▶ THE INPUT:
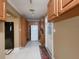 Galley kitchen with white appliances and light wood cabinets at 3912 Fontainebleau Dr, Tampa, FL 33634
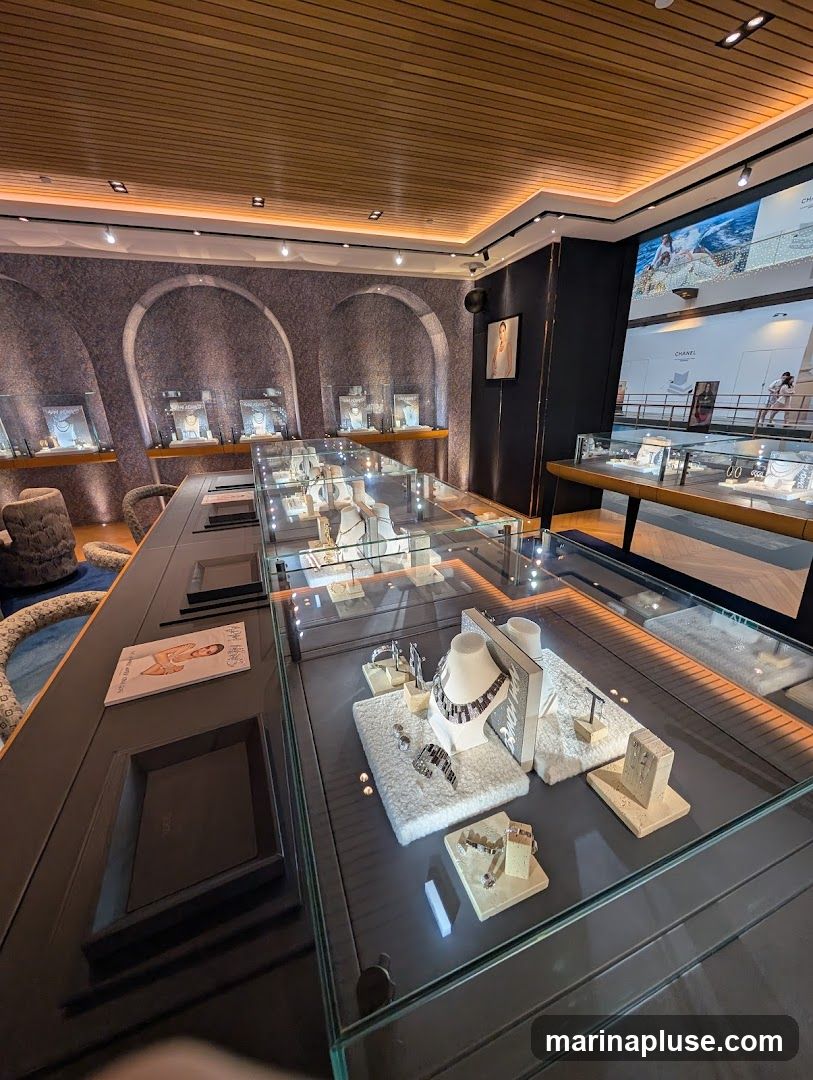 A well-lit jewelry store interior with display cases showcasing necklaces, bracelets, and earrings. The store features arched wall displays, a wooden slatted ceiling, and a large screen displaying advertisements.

...

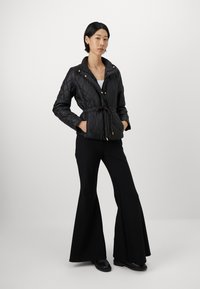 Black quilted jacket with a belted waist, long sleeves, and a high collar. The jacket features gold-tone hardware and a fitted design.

▶ EXERCISE DETAILS: Return the material from the line containing "Galley kitchen with" through the line containing "A well-lit jewelry", exactly and in full, but without its pictures.

▶ ANSWER SECTION:
 Galley kitchen with white appliances and light wood cabinets at 3912 Fontainebleau Dr, Tampa, FL 33634
 A well-lit jewelry store interior with display cases showcasing necklaces, bracelets, and earrings. The store features arched wall displays, a wooden slatted ceiling, and a large screen displaying advertisements.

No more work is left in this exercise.